A baby has turned up in a poem I am writing. Fear the world enclosing it: too easy to inhabit, too pretty, too comfy, too female, too married, too straight. A poem with a baby in it is automatically possibly all of these things, no matter what I am in my life as a person.

 

Fear the visual implications of BABY. B is breasts: they lead; they are accessible. A is for A-frame cottage; B is for bubble; Y is those two arms reaching upward, in need of embrace.

 

 A baby has appeared. Fear loss of world, loss of danger, loss of trash, loss of anger, loss of war, loss of surprise, loss of mattering, loss of dirt, loss of wildness, loss of scale, loss of geologic time, loss of continents, loss of rivers, loss of knives, loss of meanness. Lost: the chance to go somewhere that scares me.

 Fear the weight of the baby and the house together, ready to crush me at my desk. Suddenly, where before I would be writing words or lines or working with dialogue or diction or a set of constraints or just a tension, I am writing a kind of poetry. A “poetry of the home,” or a “mother-poem”—after all, I am a mother, and a baby has turned up on this piece of paper.

 

I am writing a poem about. A cloud of aboutness hovers over my draft. No matter what other kinds of poems I write, narrative wants to pull this one away like a toy train. A baby is narrative. The head comes out, sometimes first, sometimes last, but always eventually. A baby is close to birth, since its being-born happened fairly recently. I can’t get away from the familiar setting, a life lived; the familiar order, conception, birth, arms of the mother. Arms of a mother, the “Y” in BABY.

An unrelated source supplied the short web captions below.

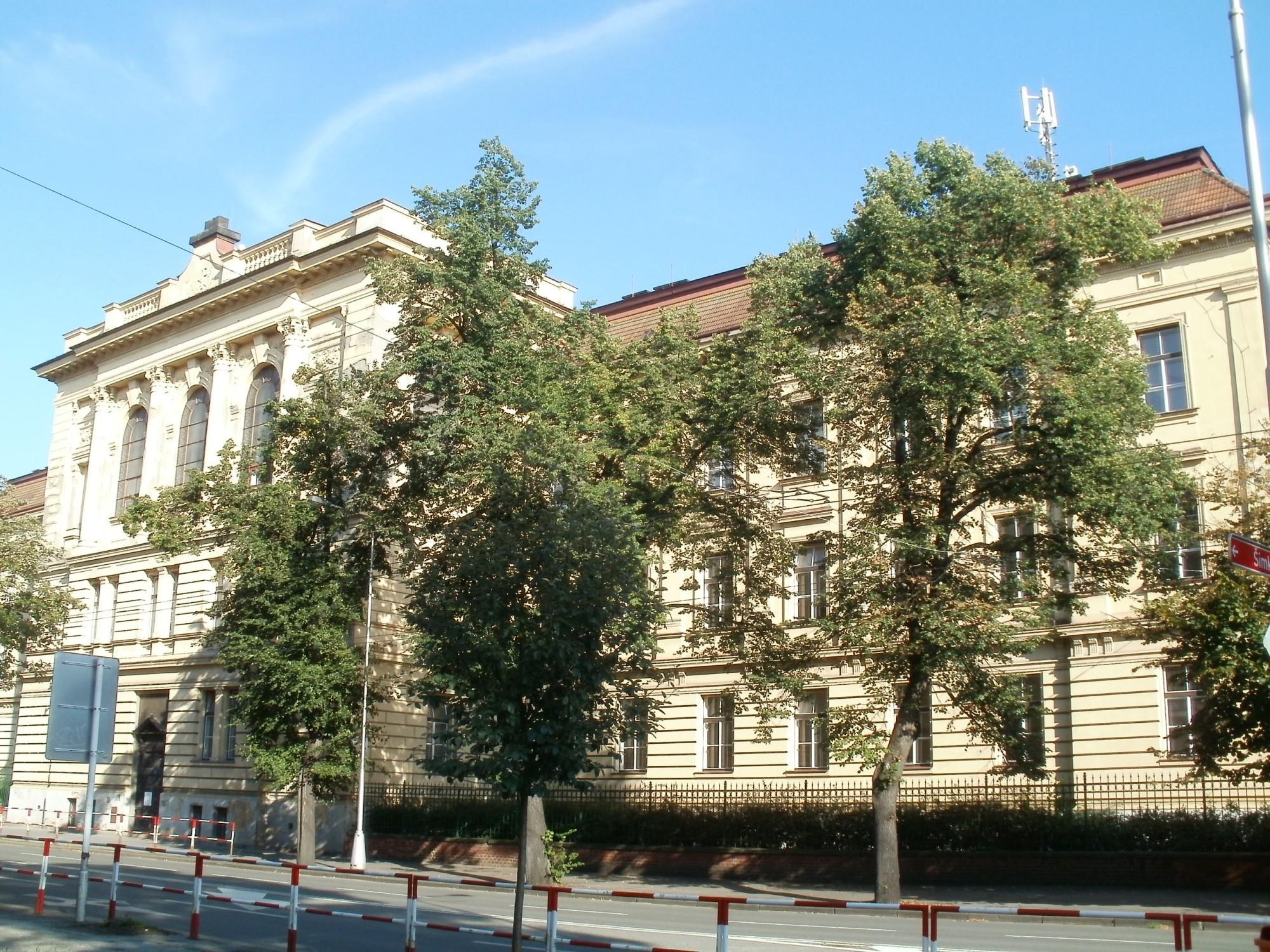 Gymnázium Boženy Němcové, Hradec Králové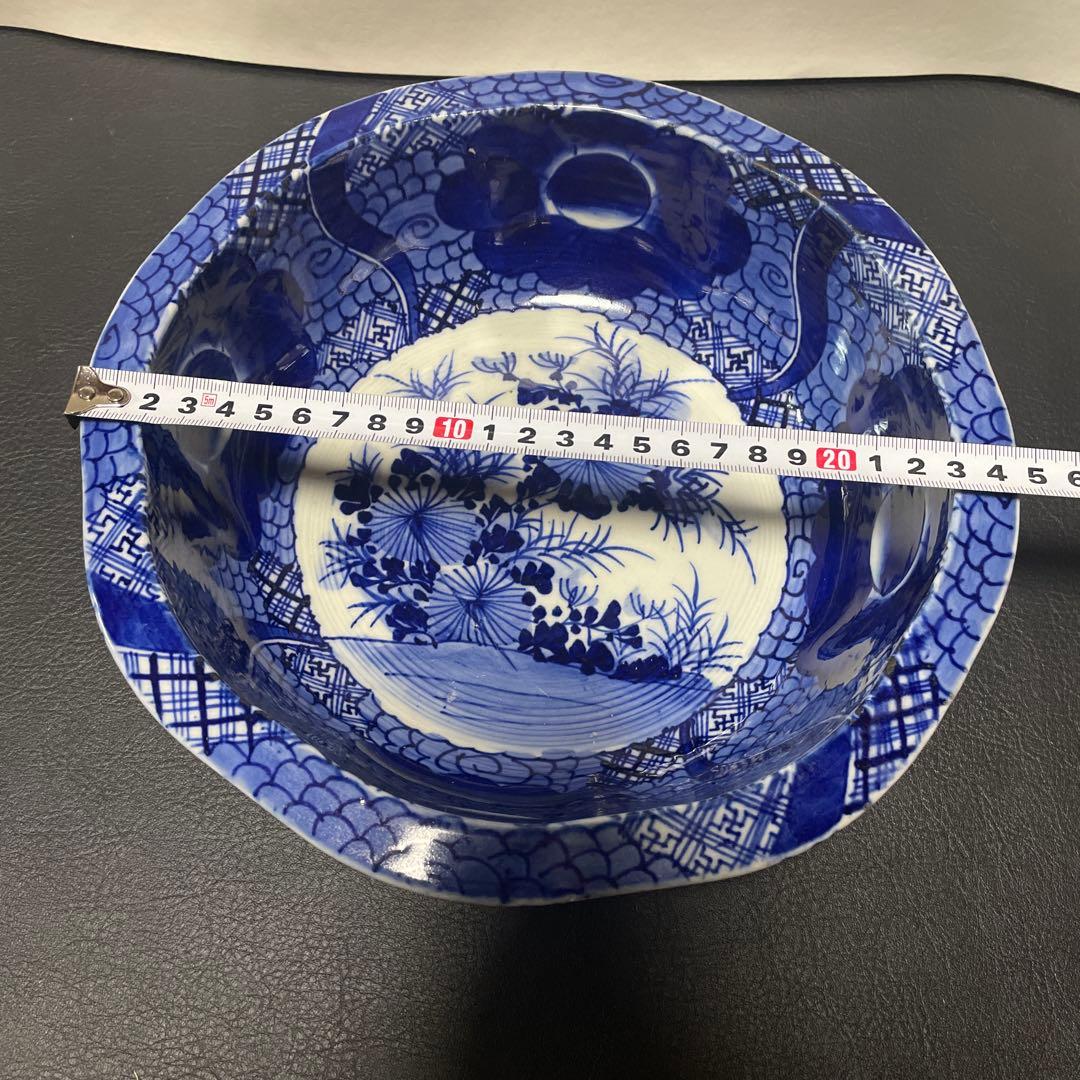 古伊万里　骨董品　幕末～明治頃　ベロ藍　菊　牡丹　染付手書き　大鉢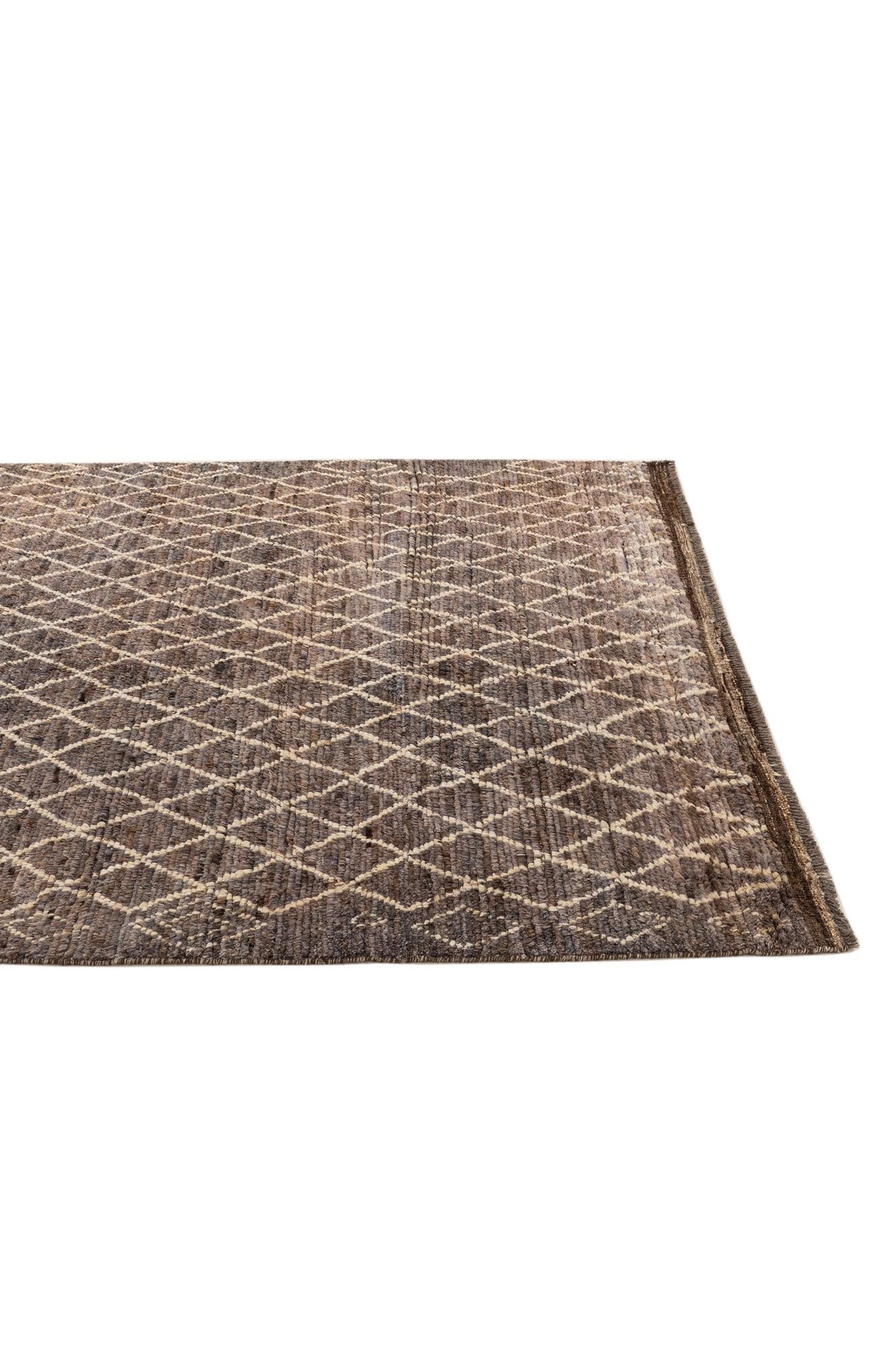 5' 9 x 8' 2 Hand Knotted Moroccan Wool Rug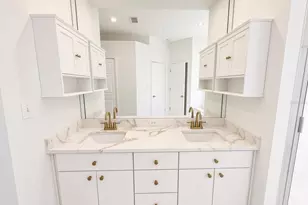 1820 S Ridge Dr, Valrico, FL 33594 - Photo 21
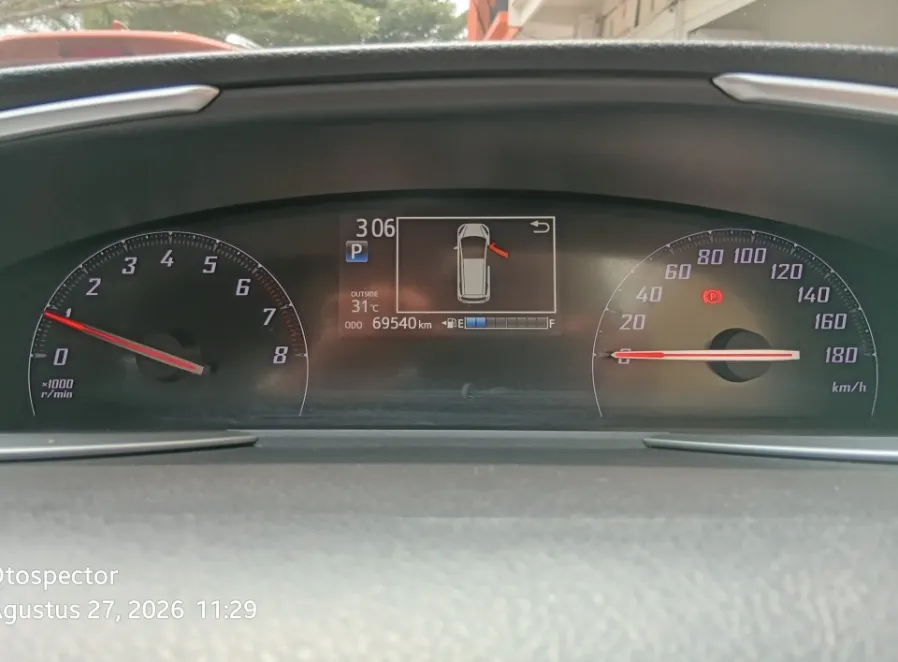 Foto Mobil Bekas Odometer Toyota Sienta 1.5 Q tahun 2019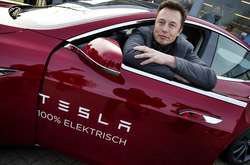 Ілон Маск обурився, що Джо Байден у своїй промові жодного разу не згадав про Tesla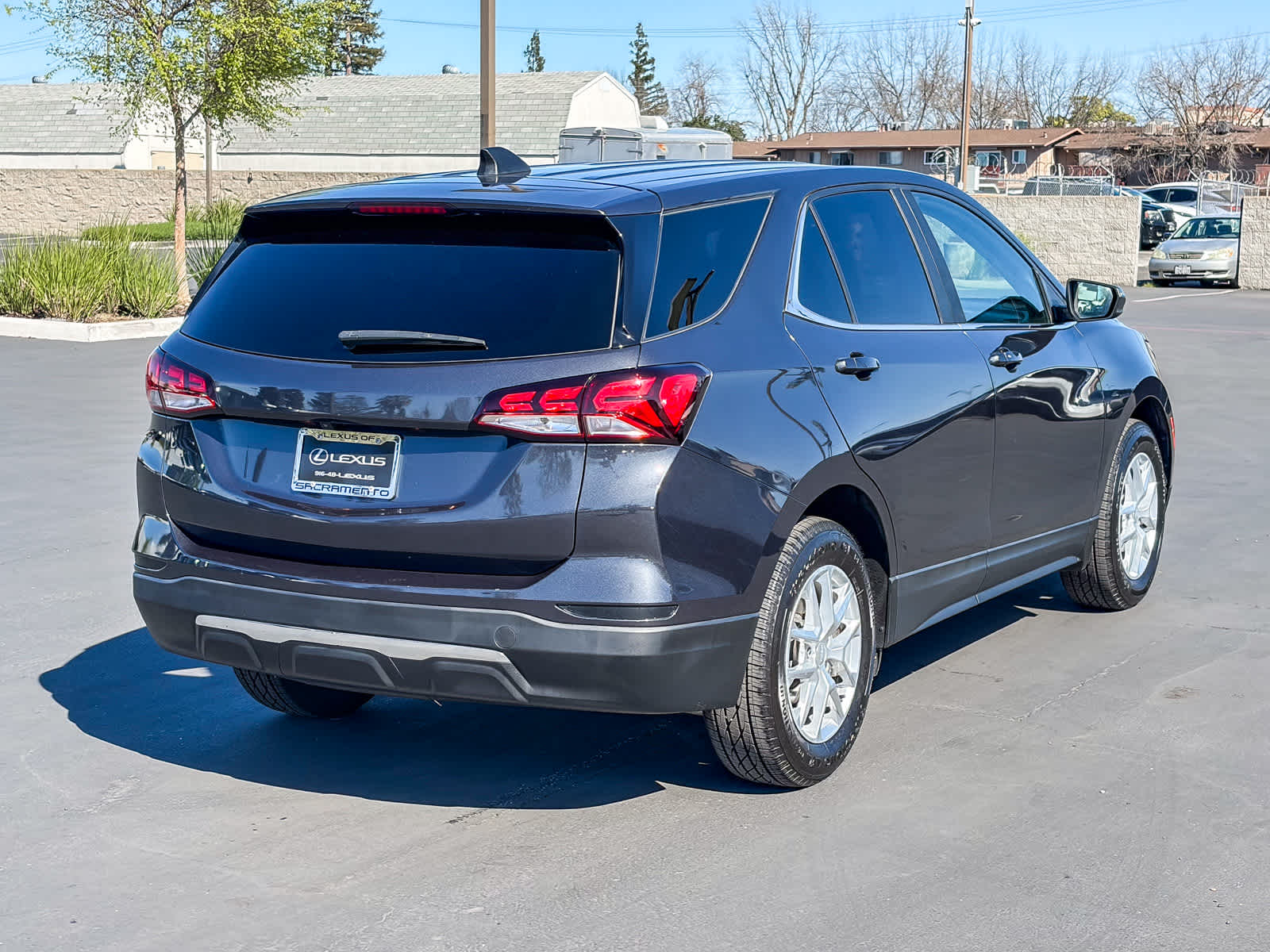 Thumbnail: 2022 Chevrolet Equinox - 4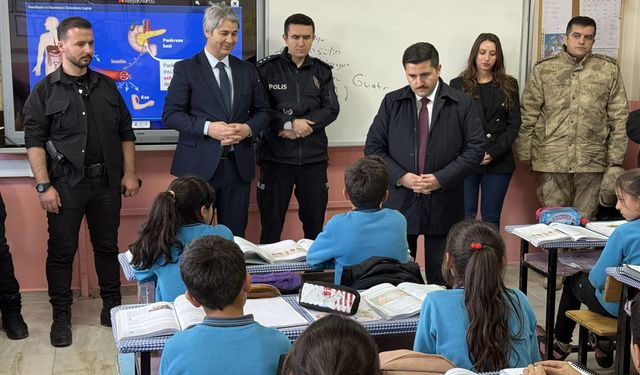 Kaymakam Bulut’tan Günyüzlü İlkokulu ve Ortaokulu’na ziyaret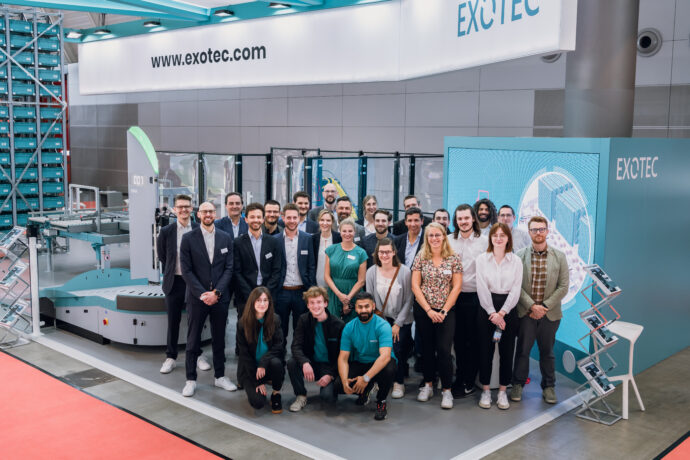 pressemitteilung_exotec-auf-der-logimat-2022-gruppenbild_Exotec_Deutschland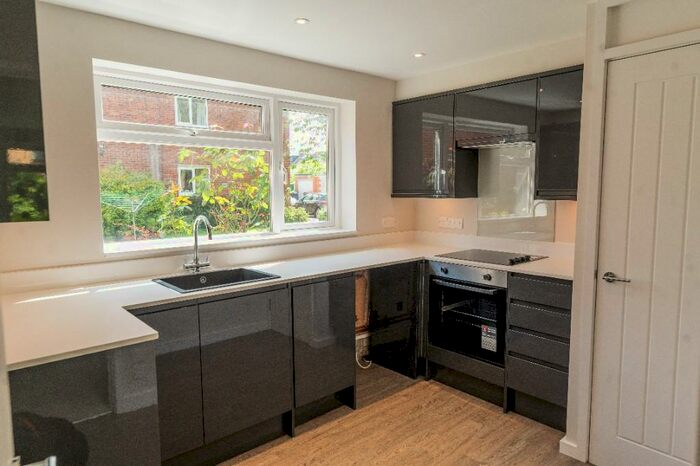 1 Bedroom Flat To Rent In Walton Manor Court, Oxford, Oxfordshire, OX2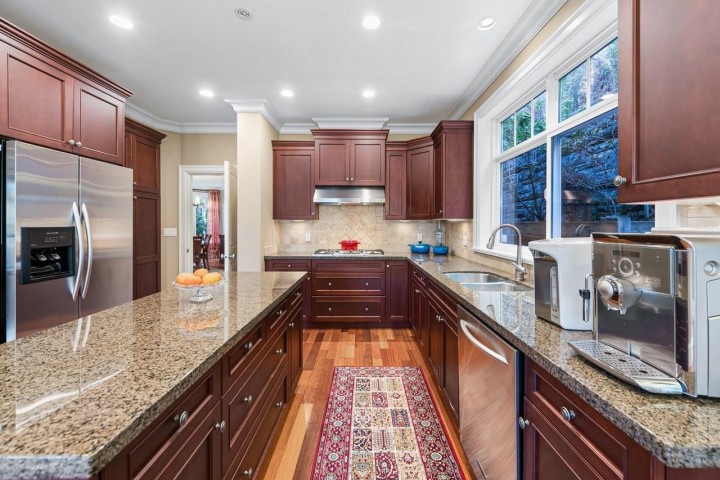 Photo 12 at 1605 Chippendale Road, Canterbury WV, West Vancouver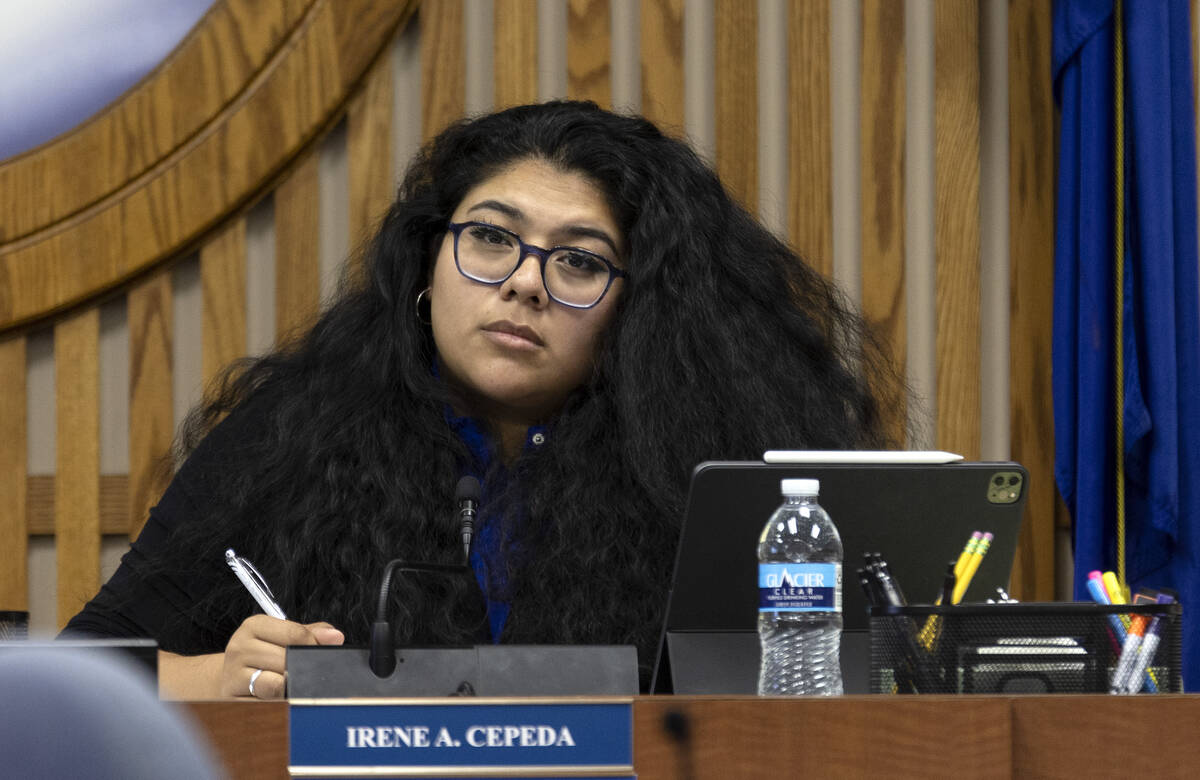 Clark County School Board membahas perpanjangan kontrak untuk Jesus Jara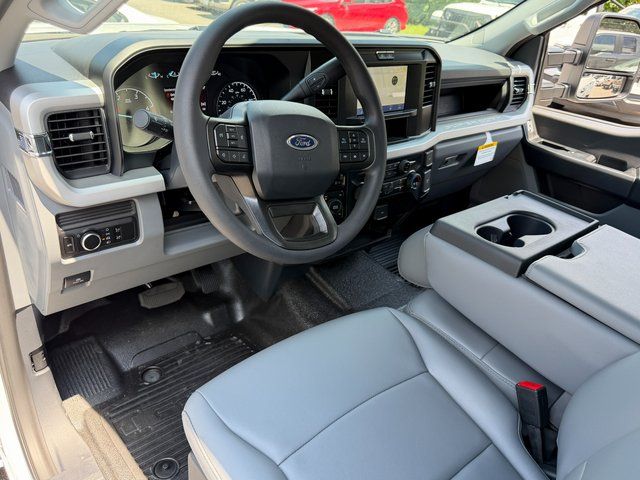 New 2026 Oxford White Ford XL image 18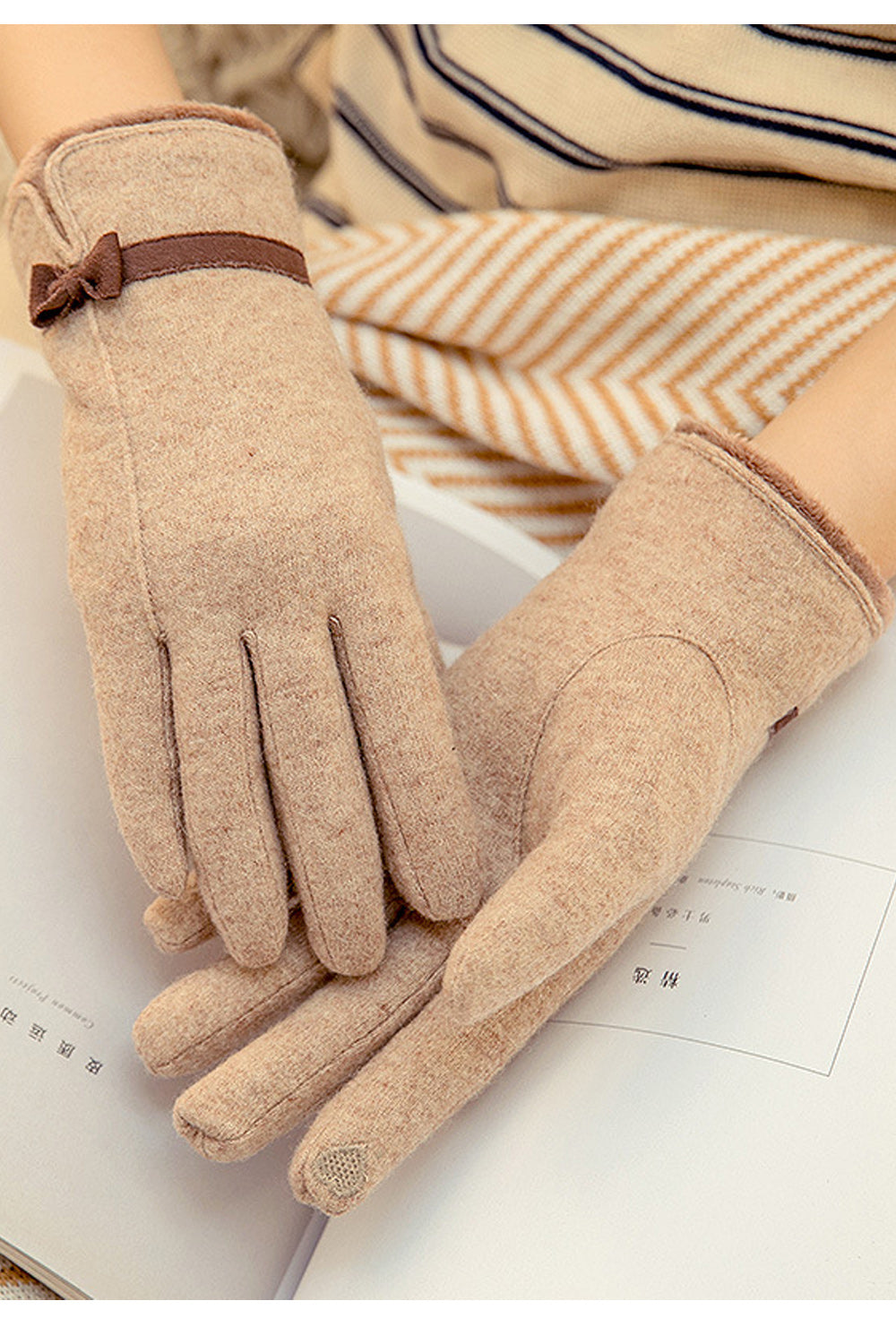 Women Pretty Casual Winter Season Solid Colored Knitted Gloves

 (True story: In Paris recently, I read several poems with my young son in them. The work evinced a range of strategies, from fragments to collage to narrative to a lyric. An editor I was talking with afterward said, about the poems, “I’m not interested in content. Do you know what I mean?”)

 

 Babies are content, literally, for forty weeks; then they are carried inside fabric cocoons; then pulled in red wagons, put down at night in cribs. Asleep, content becomes contentment. Isn’t the baby peaceful? Isn’t it sweet? Isn’t the mother? What happened to the poem she was writing?

 

 But I am alone at my desk, not among a herd of mother-poets. I can think of a dozen poems-with-babies that are not tenderly worshipful. Some were written by fathers.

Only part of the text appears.